══ Entries shown ══

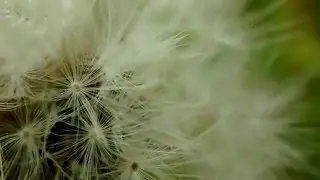 Кульбаба з росою в макро | Одуванчик с росой в макро | Dandelion with dew in macro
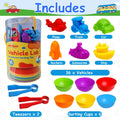Open Ended Vehicle Lab Montessori Sorting Toy (44 Pcs)-Learning & Education-Open Ended-Toycra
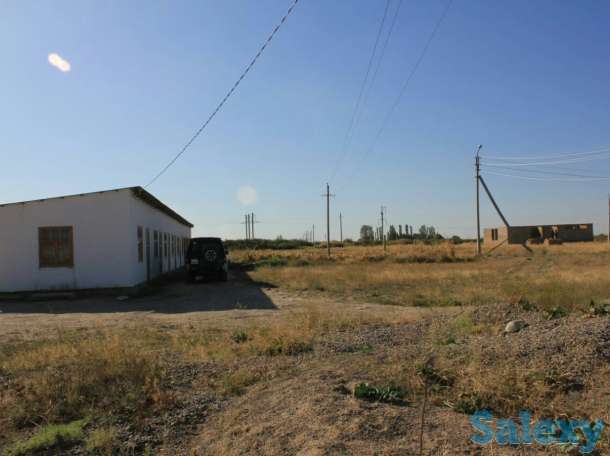 Продам кирпичный завод, щеб завод, теплицы, откормочная база.., фотография 5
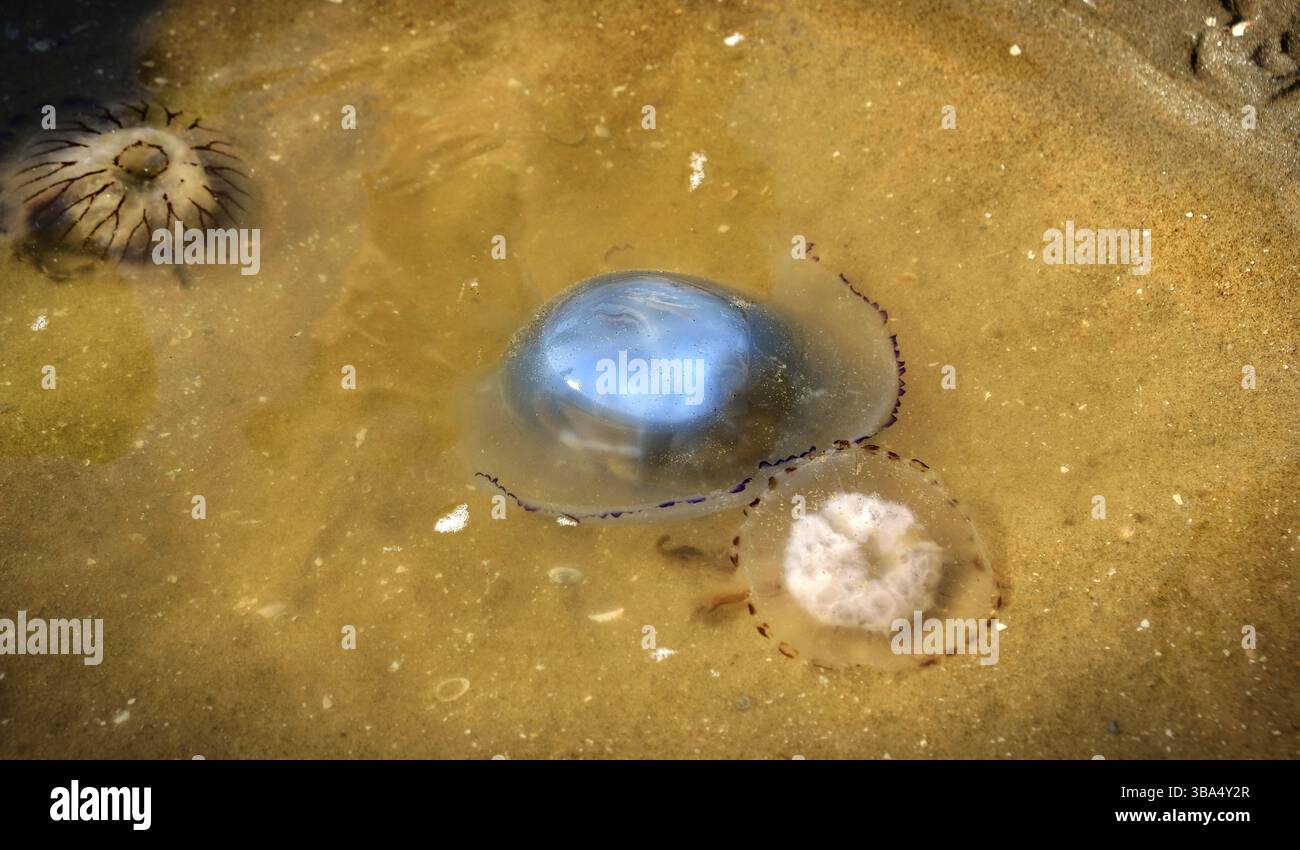 Meduse blu in acque poco profonde del Mare di Scheveningen nei Paesi Bassi Foto Stock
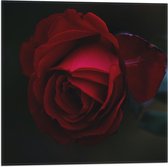Vlag - Roos - Bloem - Rood - Natuur - 50x50 cm Foto op Polyester Vlag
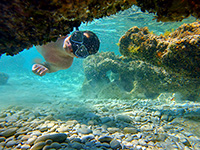 Schnorcheln, Veli Rat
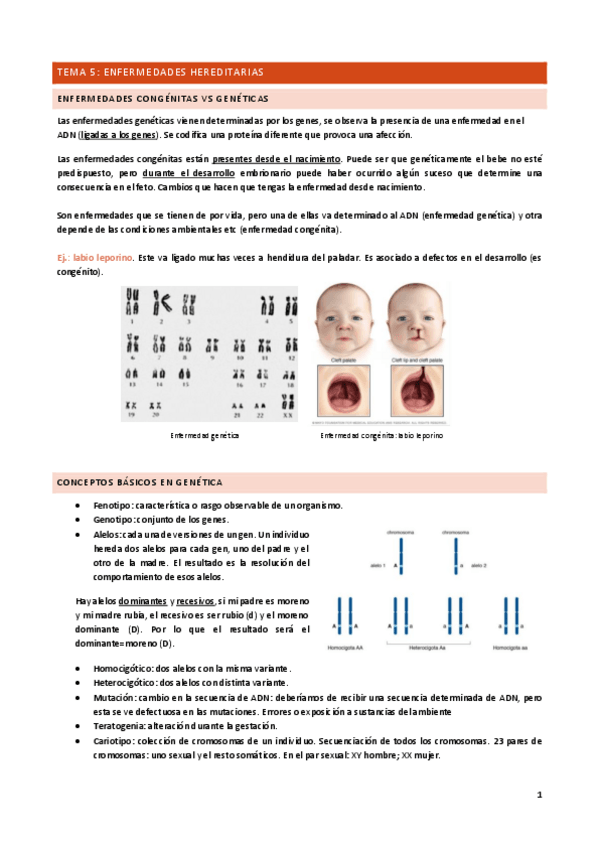 Miniatura del documento Tema-5.pdf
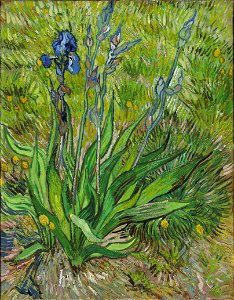 Vincent van Gogh, Iris, 1889. National Gallery of Canada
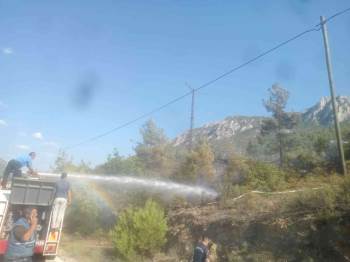 Bilecik’Te 6 Dönüm Ormanlık Alan Kül Oldu
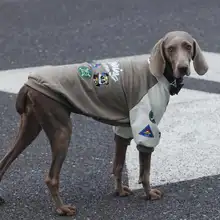 中大型犬用 フリース入り秋冬用ボンバージャケット【保温・ベースボールスタイル・ボーダー柄】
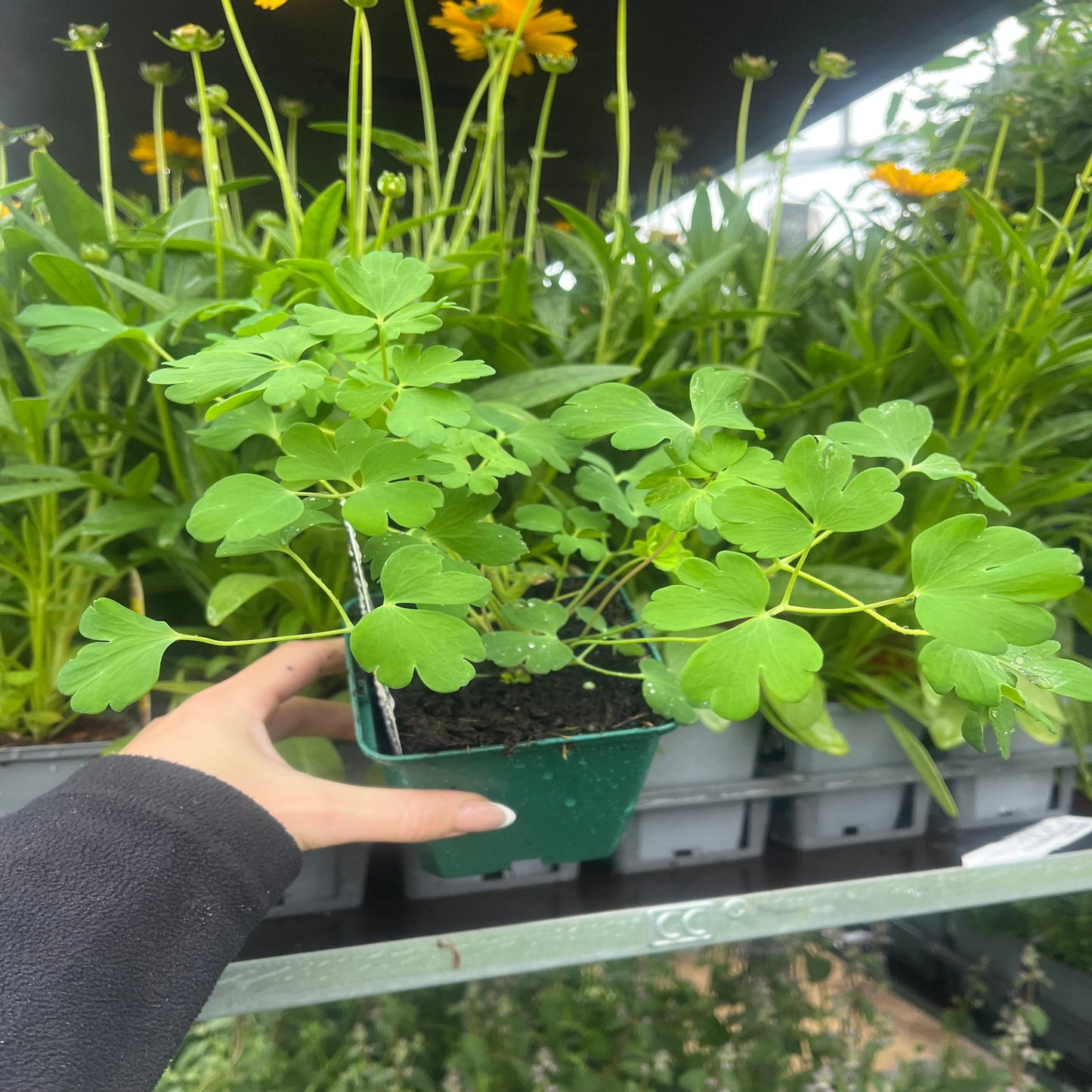 Aquilegia earlybird  Red/Yellow 9cm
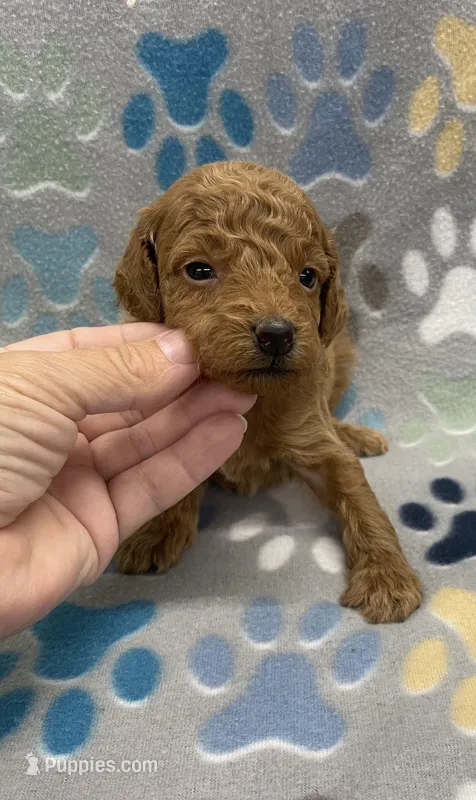 Rocky mini – Miniature Goldendoodle puppy for sale in Bedford, IN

═══

Task directions: Pictures in the records should not appear in your copy, but everything else must be transcribed exactly.

Result of the exercise:
 Кульбаба з росою в макро | Одуванчик с росой в макро | Dandelion with dew in macro
Open Ended Vehicle Lab Montessori Sorting Toy (44 Pcs)-Learning & Education-Open Ended-Toycra
 Продам кирпичный завод, щеб завод, теплицы, откормочная база.., фотография 5
 Meduse blu in acque poco profonde del Mare di Scheveningen nei Paesi Bassi Foto Stock
Vlag - Roos - Bloem - Rood - Natuur - 50x50 cm Foto op Polyester Vlag
 Schnorcheln, Veli Rat
 Miniatura del documento Tema-5.pdf
 Vincent van Gogh, Iris, 1889. National Gallery of Canada
 Bilecik’Te 6 Dönüm Ormanlık Alan Kül Oldu
 中大型犬用 フリース入り秋冬用ボンバージャケット【保温・ベースボールスタイル・ボーダー柄】
 Aquilegia earlybird  Red/Yellow 9cm
 Rocky mini – Miniature Goldendoodle puppy for sale in Bedford, IN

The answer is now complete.